With President Emil Hacha a frail 66 year old man, who had suddenly become President after Edvard Benes resigned and went into exile in Britain a few months earlier, his announcement on Czech Radio came as no surprise: "I have entrusted our country to the Fuhrer and have been promised his trust". On March 16, the swastika was flying from Prague Castle and Adolf Hitler was proudly proclaiming Bohemia and Moravia a German protectorate.
Four days after the occupation, a huge German military parade was held on Wenceslas Square. This is an archive recording of a live report from Czechoslovak Radio's Franta Kocourek. Reporting from the balcony of the Hotel Sroubek his words describe the confusion that reined among Czechs at the time:
"I would like to talk about one thing that has nothing to do with the military. From somewhere far away, a huge, black crow has flown into Prague. I have seen it spread its wings and sweep down the square over the searchlights and listening devices being paraded here by the German army. It must be surprised at the noise and all that is going on beneath it."
Former president Emil Hacha is still considered the leader who gave away the nation's sovereignty without putting up a fight.
Emil Hacha has many times in the past given testimony of the pressure that he was under:
"One can stand Hitler shouting because one who shouts doesn't necessarily have to be a devil inside.

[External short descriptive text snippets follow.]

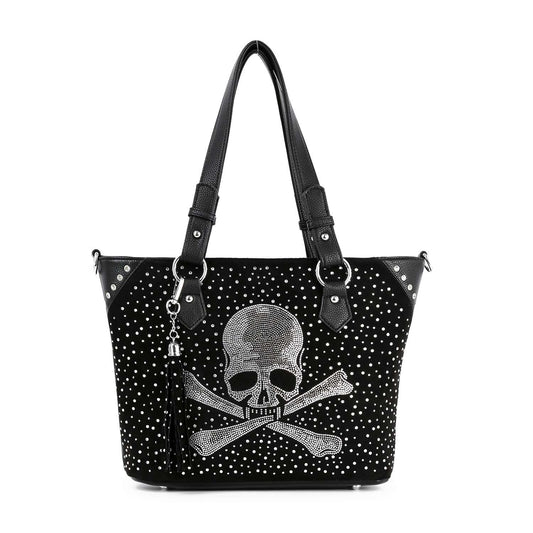 Rhinestone Skull Shopper Tote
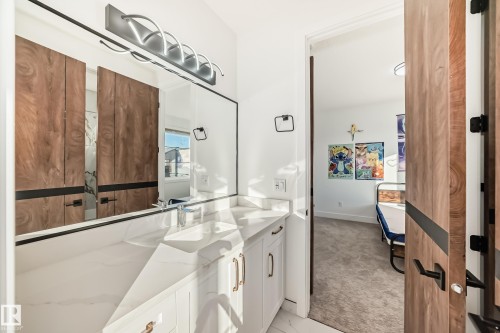 Bathroom featuring vanity and light colored carpet - 42 Elwyck Gate, Spruce Grove, AB - Indoor Photo Showing Bathroom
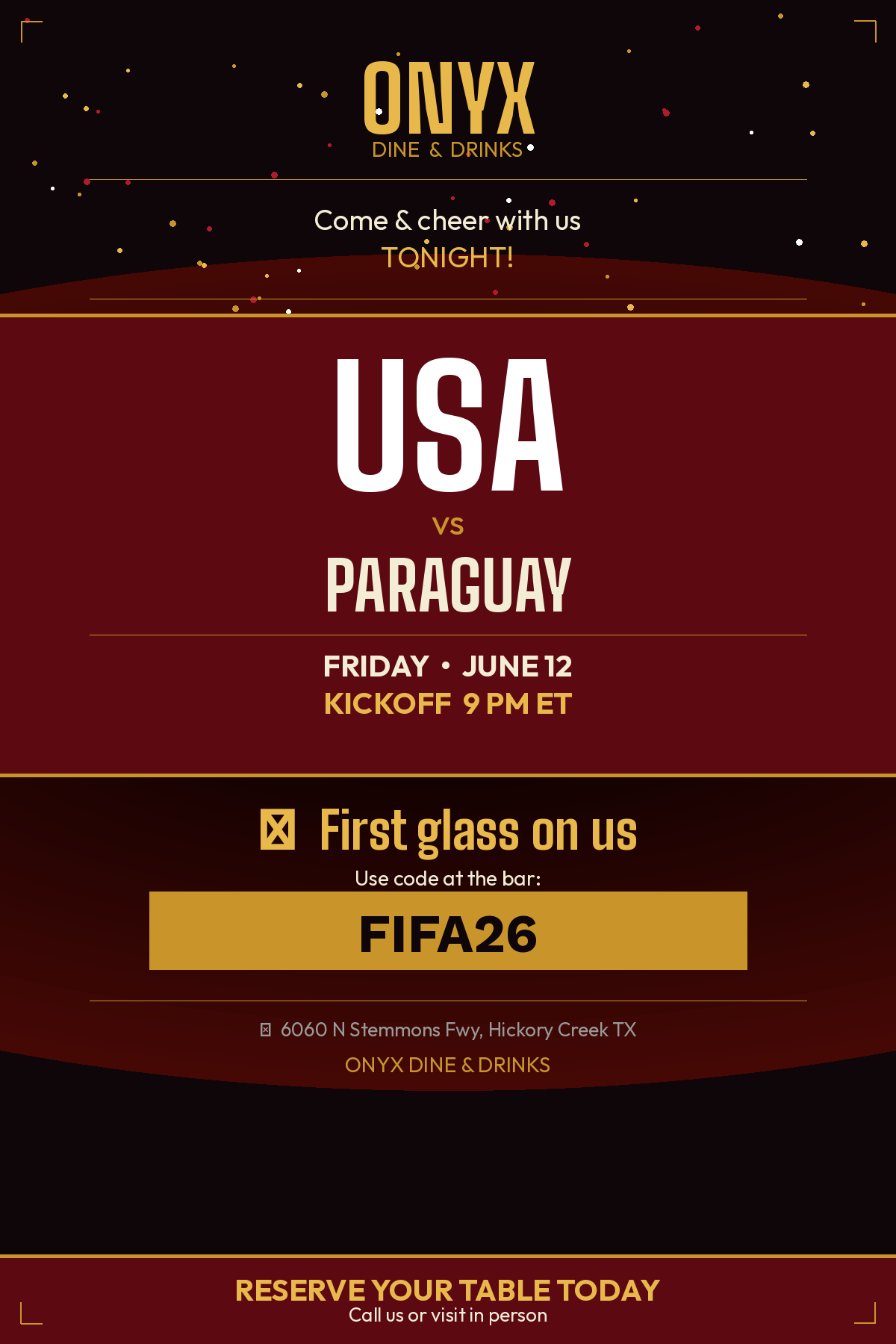 USA vs Paraguay - FIFA World Cup Watch Party at Onyx - Tonight, Kickoff 9 PM ET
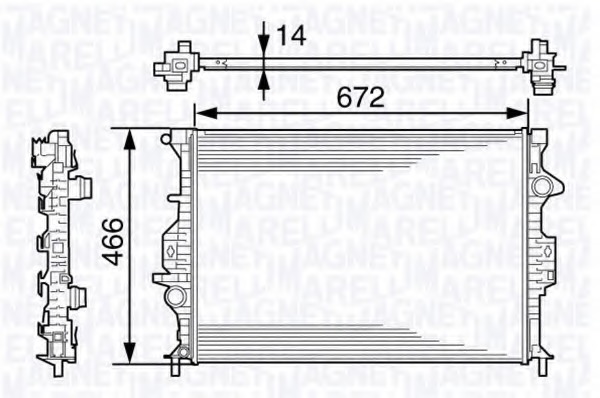 Radiator, racire motor 350213138500 MAGNETI MARELLI - Radiator apa/piese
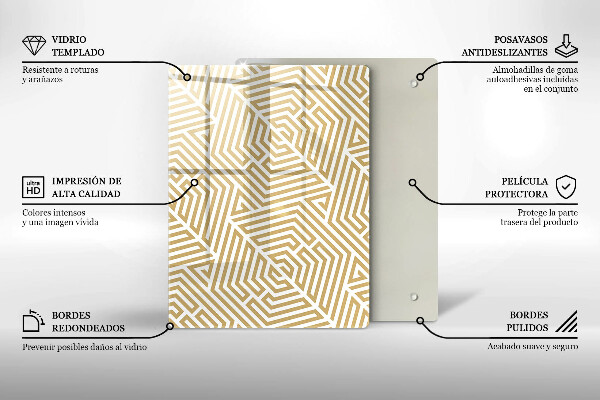 Glas Ceranfeldabdeckung Spritzschutz Goldene Abstraktion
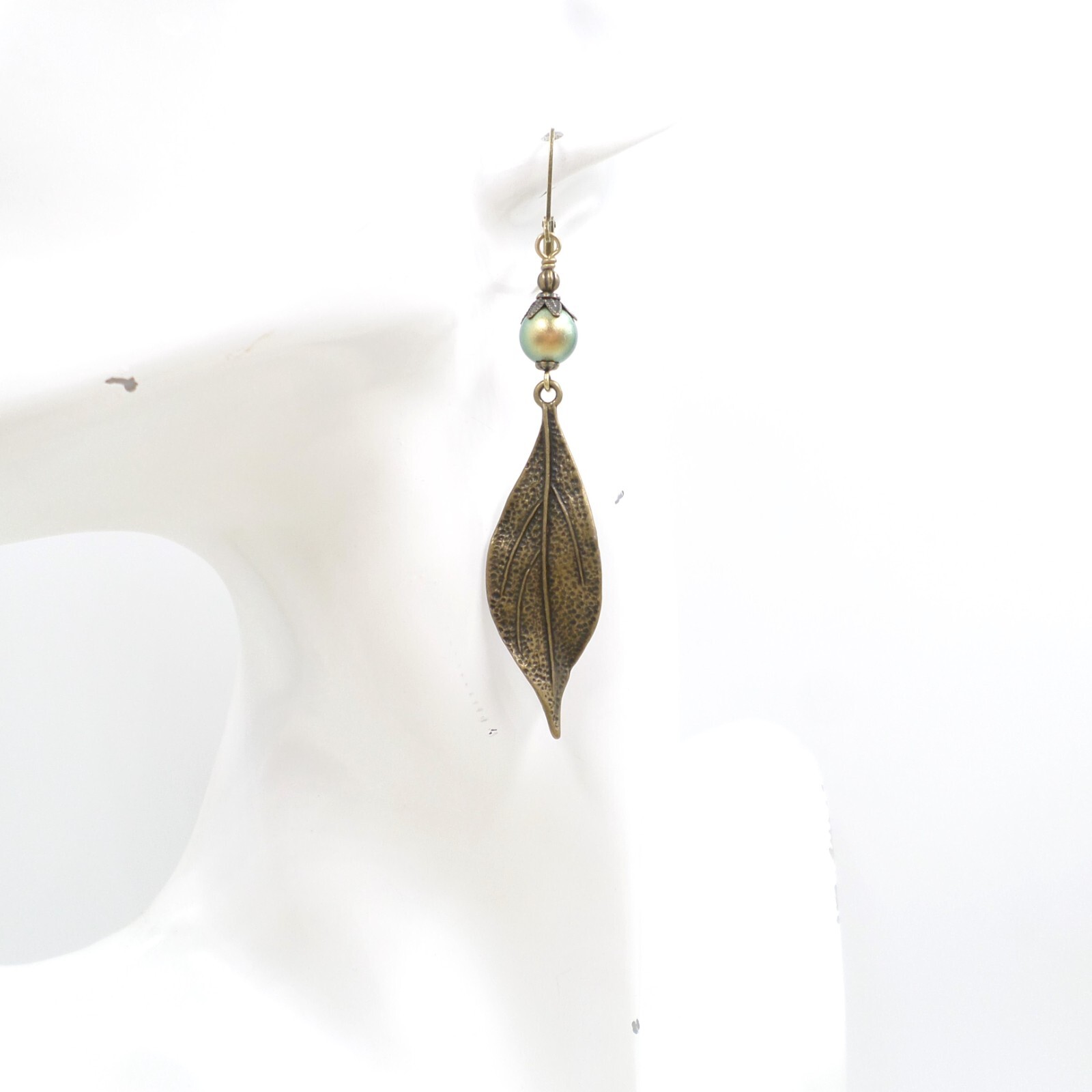 Bohemian Brass Botanical Leaf Earrings, Green Glass Pearl Nature Lover Jewelry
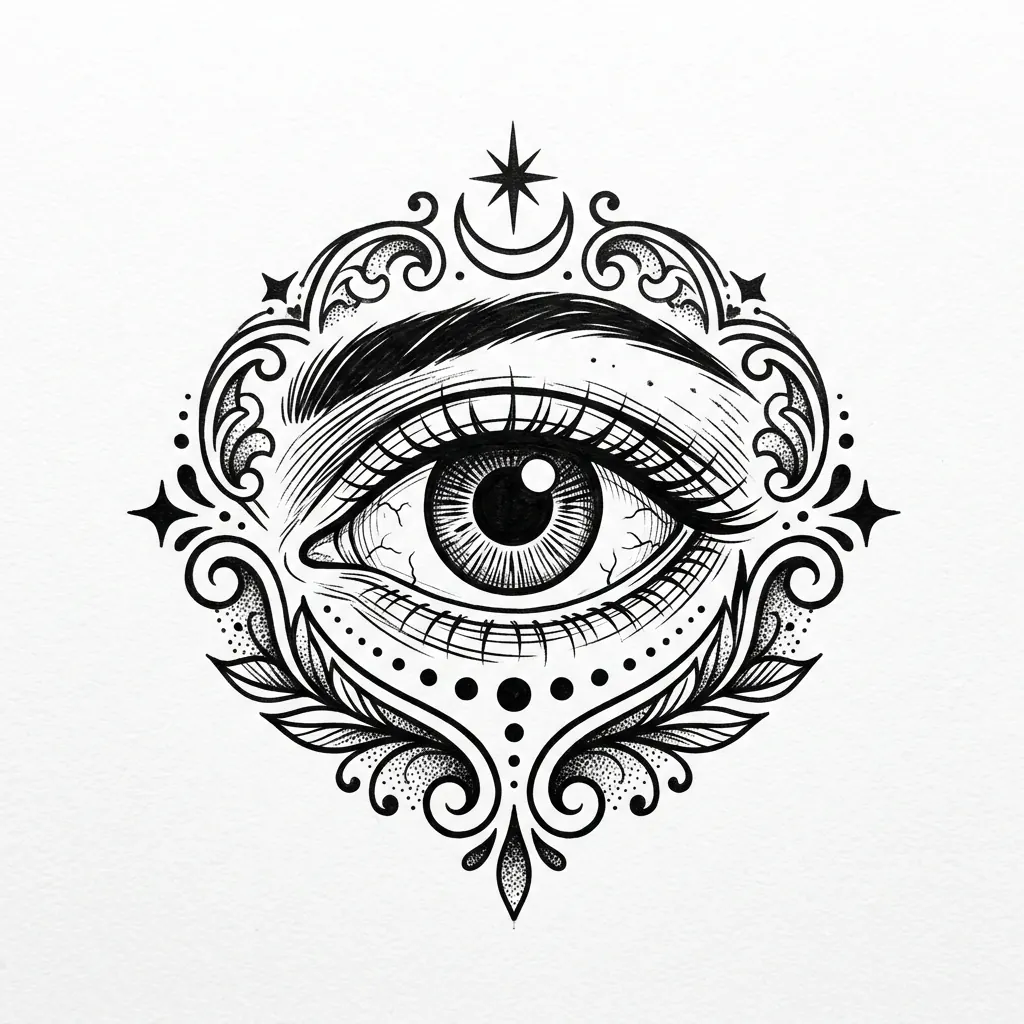 Fine-line eye tattoo idea for forearm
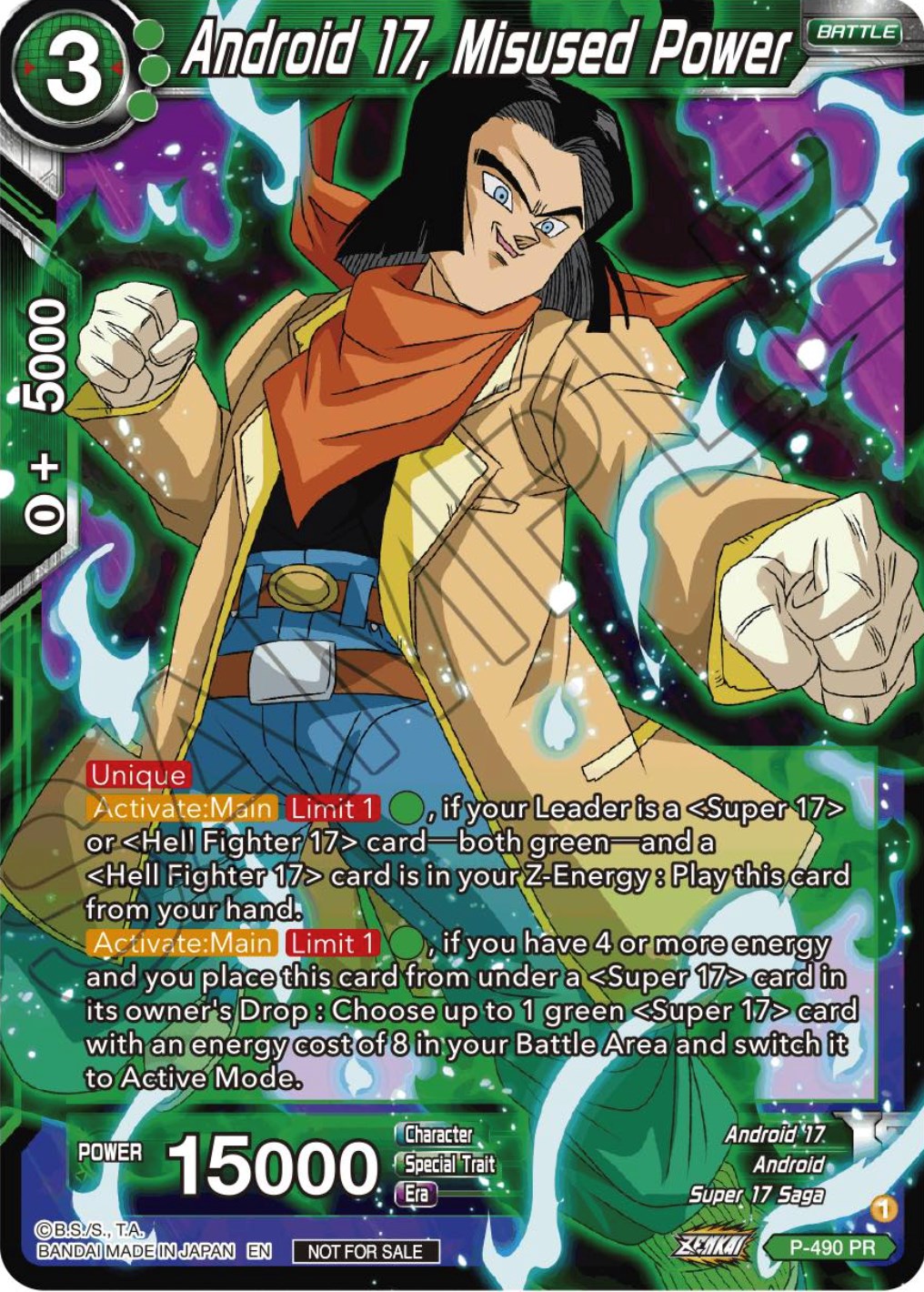 Android 17, Misused Power (Zenkai Series Tournament Pack Vol.3) (P-490) [Tournament Promotion Cards] | Total Play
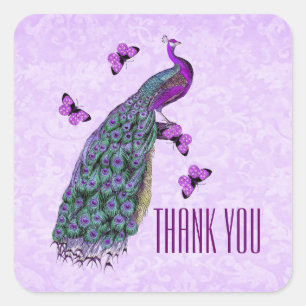 Wedding Purple Vintage Peacock THANK YOU V01C3A Square Sticker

But Goring - with his friendly-looking face - was also there. He took me by the hand and gently reasoned with me asking whether it was really necessary for beautiful city like Prague to be flattened within hours. He spoke to me in an affectionate manner and looked straight into my eyes like a woman. That's when I realised that it was the devil himself talking to me."
But historians agree that there was little that Emil Hacha could have done. In an effort to appease Hitler, the powerful states of Great Britain, France, Italy, and Germany, had already given away part of Czechoslovakia in the Munich Agreement of September 1938 and it seemed unlikely that they would come to the Czech nation's aid.
Prague was to remain under German control for another six years until the end of the Second World War in 1945.